[DATA PROVIDED Boundary: Start]

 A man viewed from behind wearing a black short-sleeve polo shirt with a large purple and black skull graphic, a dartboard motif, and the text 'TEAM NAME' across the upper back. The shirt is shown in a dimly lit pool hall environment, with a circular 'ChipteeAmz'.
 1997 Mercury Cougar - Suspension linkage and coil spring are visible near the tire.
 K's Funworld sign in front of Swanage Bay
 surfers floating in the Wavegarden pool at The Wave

[DATA PROVIDED Boundary: End]

_EXERCISE PROMPT:_
Working from the material above, tally how many lines hold the string "pool". The number is all that is needed.

_RESPONSE AREA:_
2